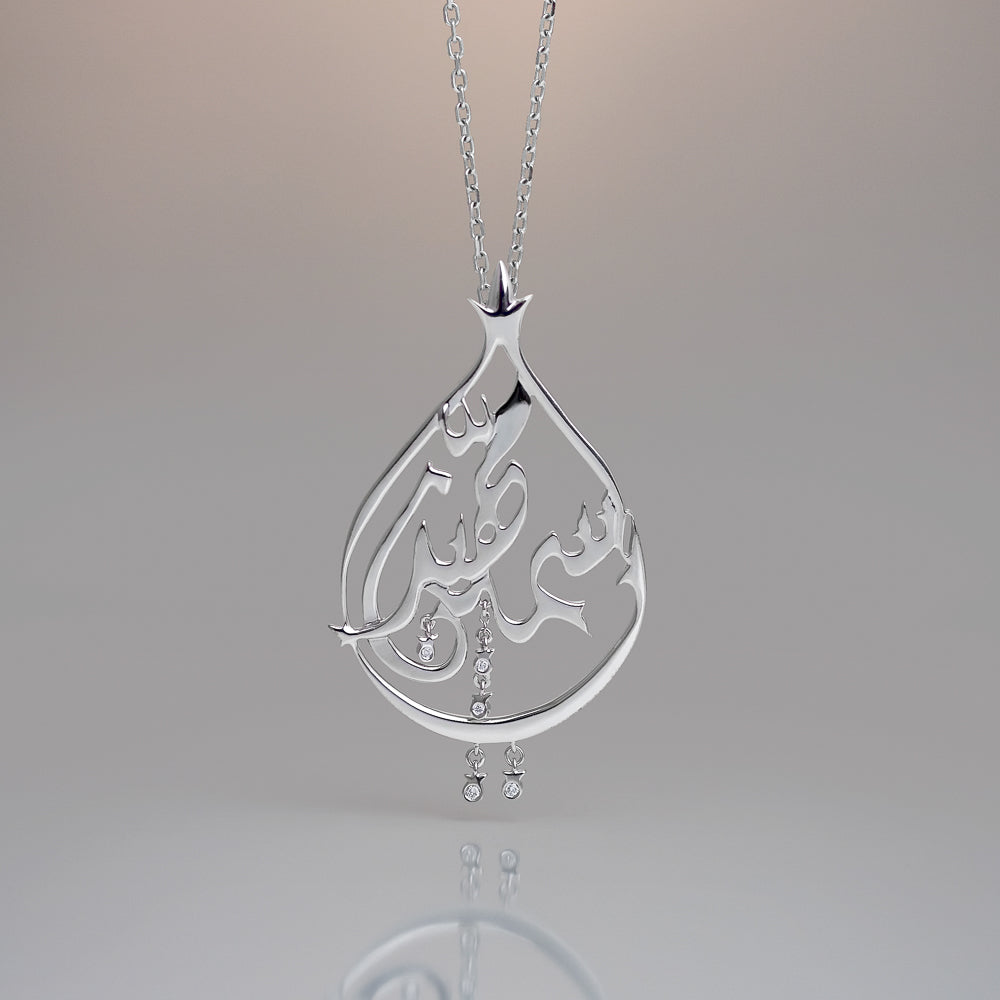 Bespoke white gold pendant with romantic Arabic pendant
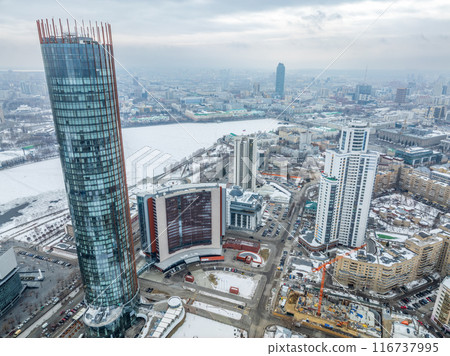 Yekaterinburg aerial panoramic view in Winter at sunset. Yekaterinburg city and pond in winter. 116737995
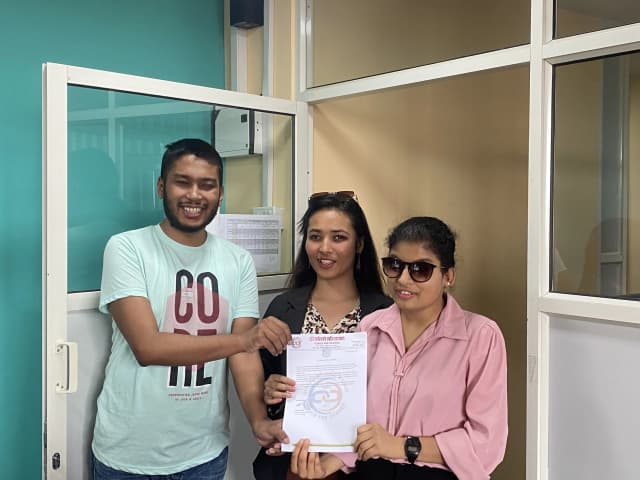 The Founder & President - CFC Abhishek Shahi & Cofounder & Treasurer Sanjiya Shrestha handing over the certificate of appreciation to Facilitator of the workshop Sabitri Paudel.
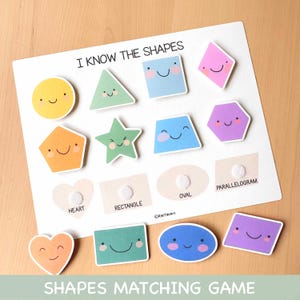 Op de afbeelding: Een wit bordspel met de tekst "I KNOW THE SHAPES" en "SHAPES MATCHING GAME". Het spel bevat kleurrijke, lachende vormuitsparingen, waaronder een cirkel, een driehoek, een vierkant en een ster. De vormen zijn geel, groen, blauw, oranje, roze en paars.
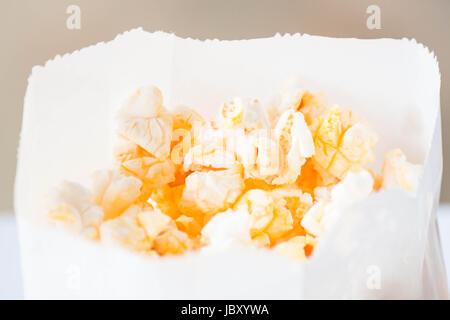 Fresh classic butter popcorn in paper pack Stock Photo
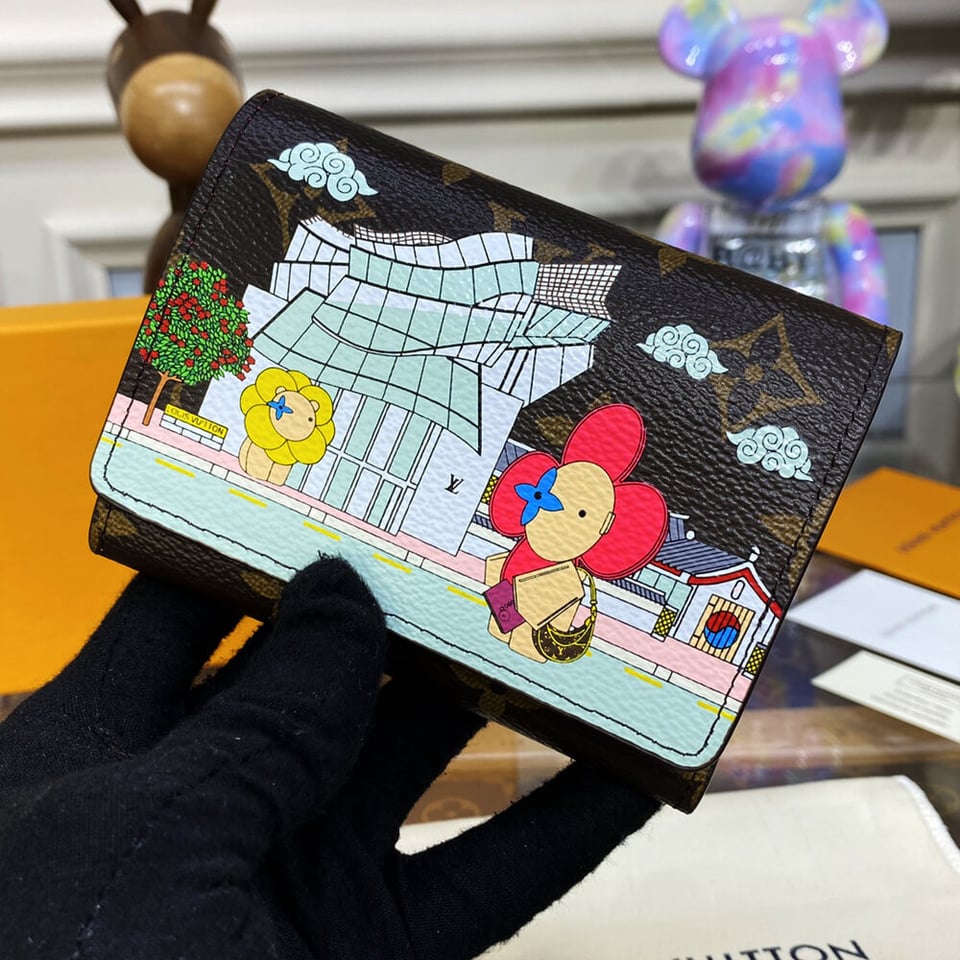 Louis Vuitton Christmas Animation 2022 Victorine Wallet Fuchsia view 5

...

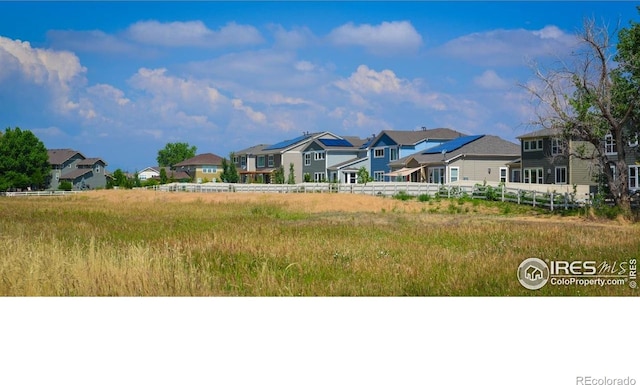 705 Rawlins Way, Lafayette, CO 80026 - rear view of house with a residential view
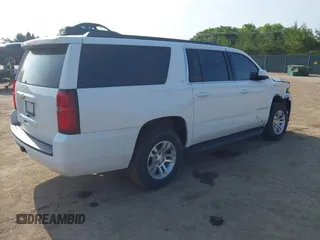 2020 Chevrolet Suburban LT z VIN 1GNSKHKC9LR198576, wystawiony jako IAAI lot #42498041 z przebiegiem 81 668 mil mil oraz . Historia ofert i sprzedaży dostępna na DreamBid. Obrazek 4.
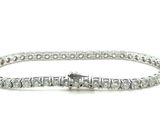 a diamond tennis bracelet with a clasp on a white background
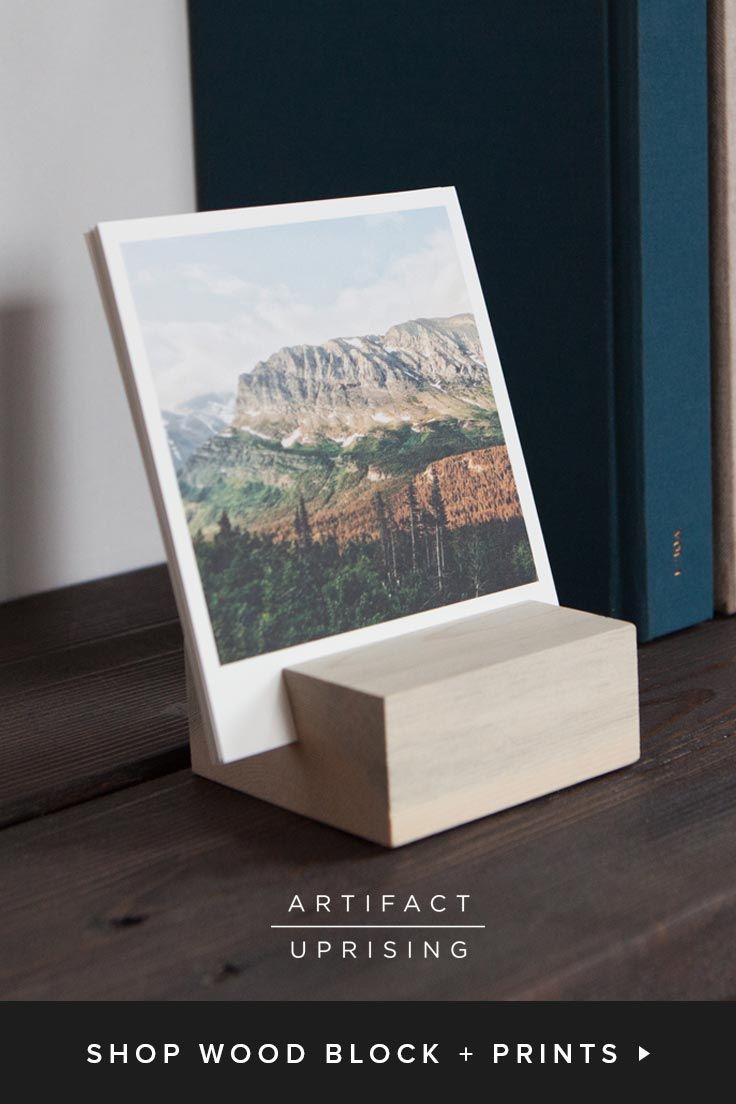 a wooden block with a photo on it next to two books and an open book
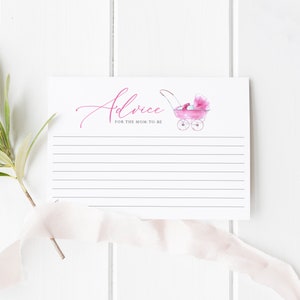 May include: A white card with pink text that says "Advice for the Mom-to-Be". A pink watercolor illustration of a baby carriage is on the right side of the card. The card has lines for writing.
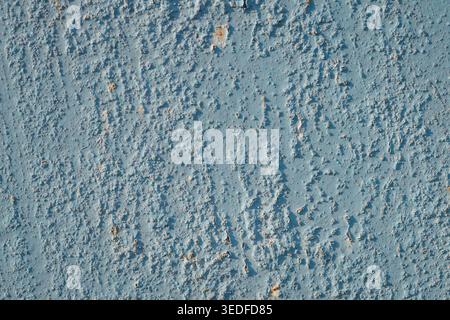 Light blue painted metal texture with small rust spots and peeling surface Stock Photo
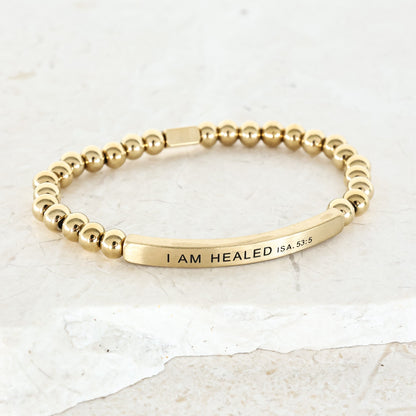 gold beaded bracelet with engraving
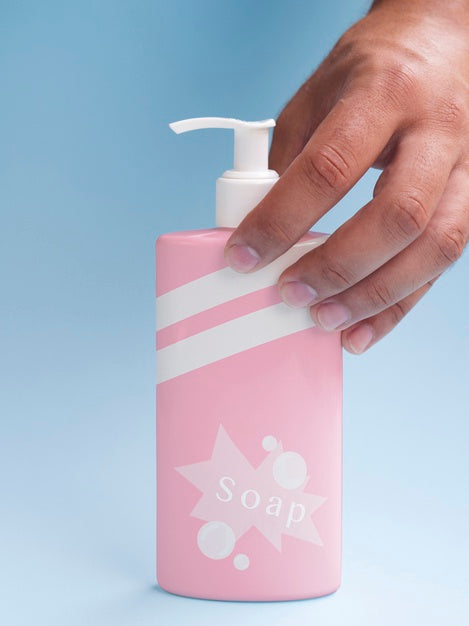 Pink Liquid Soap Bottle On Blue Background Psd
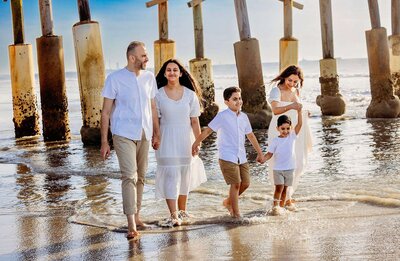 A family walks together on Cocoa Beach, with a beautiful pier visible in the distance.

==

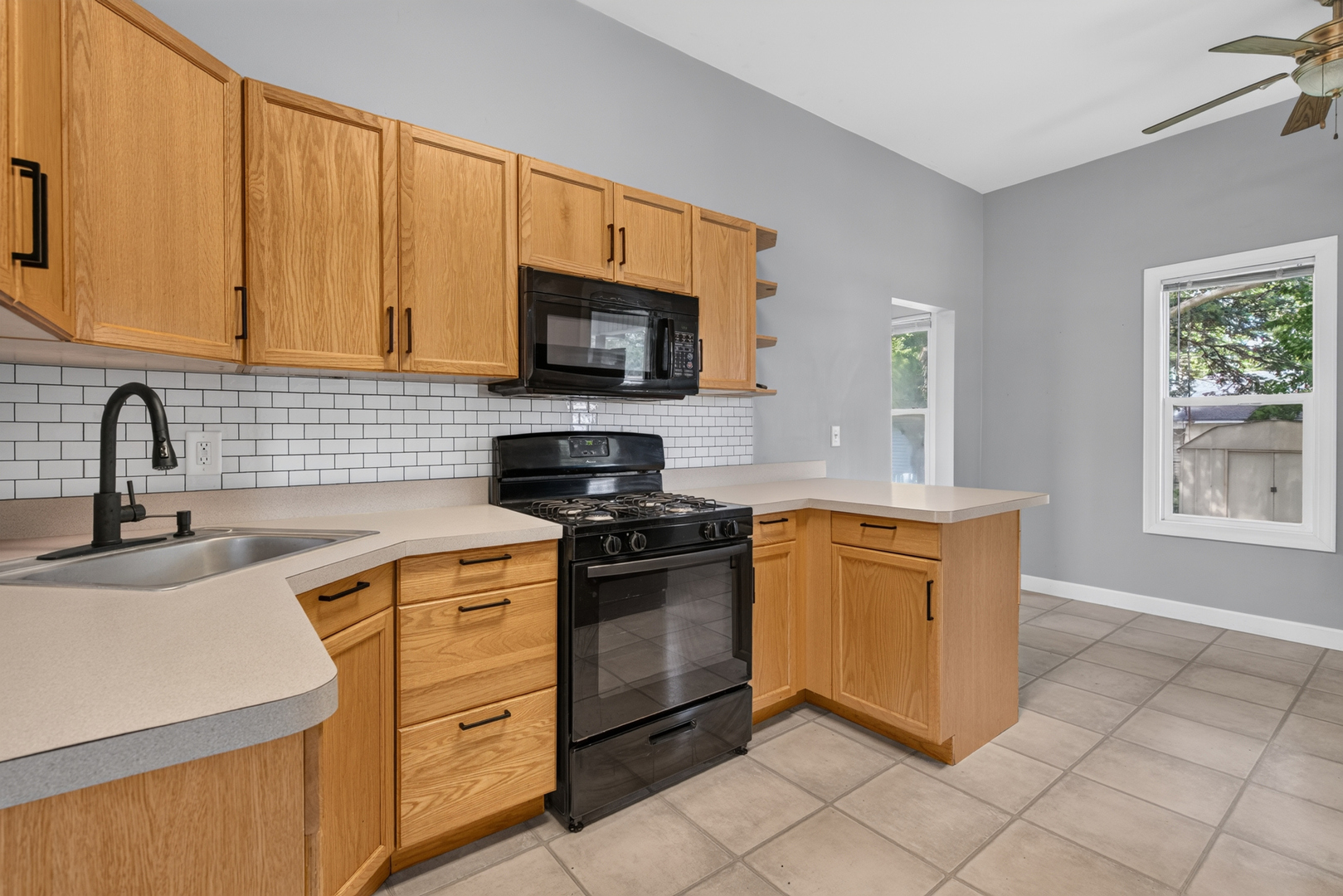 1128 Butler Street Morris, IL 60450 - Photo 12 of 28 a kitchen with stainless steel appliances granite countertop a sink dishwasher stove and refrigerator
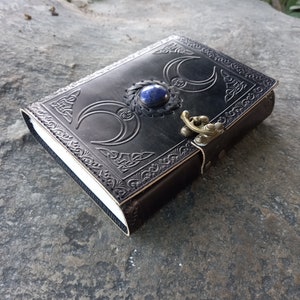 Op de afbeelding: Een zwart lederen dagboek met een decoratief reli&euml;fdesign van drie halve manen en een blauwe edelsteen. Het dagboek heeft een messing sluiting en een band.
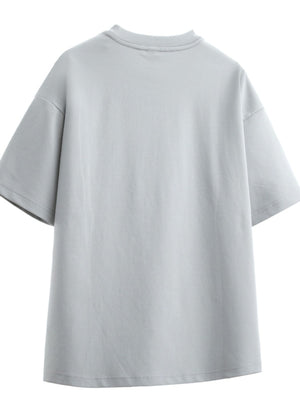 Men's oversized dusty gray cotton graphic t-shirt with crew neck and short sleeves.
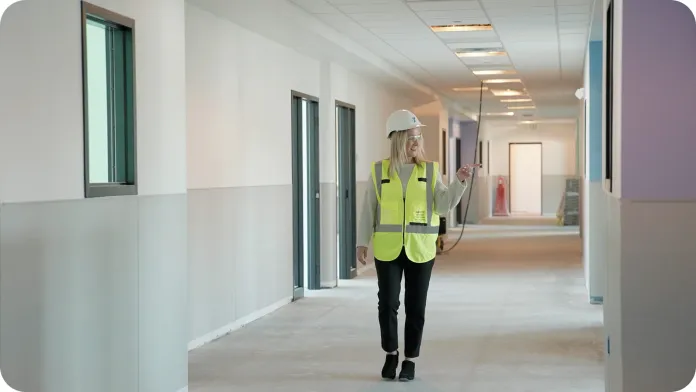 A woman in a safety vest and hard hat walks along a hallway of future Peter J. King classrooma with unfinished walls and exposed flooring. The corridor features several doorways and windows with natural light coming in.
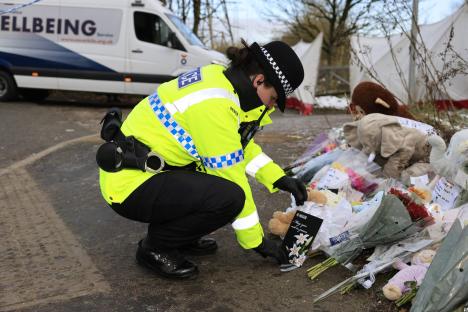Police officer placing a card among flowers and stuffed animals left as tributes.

> **About this task**
Above are the records; copy exactly the lines from the one with "The Founder &" through the one with "Louis Vuitton Christmas", including both, and nothing more. Leave out pictures.

> **Expected output**
 The Founder & President - CFC Abhishek Shahi & Cofounder & Treasurer Sanjiya Shrestha handing over the certificate of appreciation to Facilitator of the workshop Sabitri Paudel.
 Op de afbeelding: Een wit bordspel met de tekst "I KNOW THE SHAPES" en "SHAPES MATCHING GAME". Het spel bevat kleurrijke, lachende vormuitsparingen, waaronder een cirkel, een driehoek, een vierkant en een ster. De vormen zijn geel, groen, blauw, oranje, roze en paars.
 Fresh classic butter popcorn in paper pack Stock Photo
 Louis Vuitton Christmas Animation 2022 Victorine Wallet Fuchsia view 5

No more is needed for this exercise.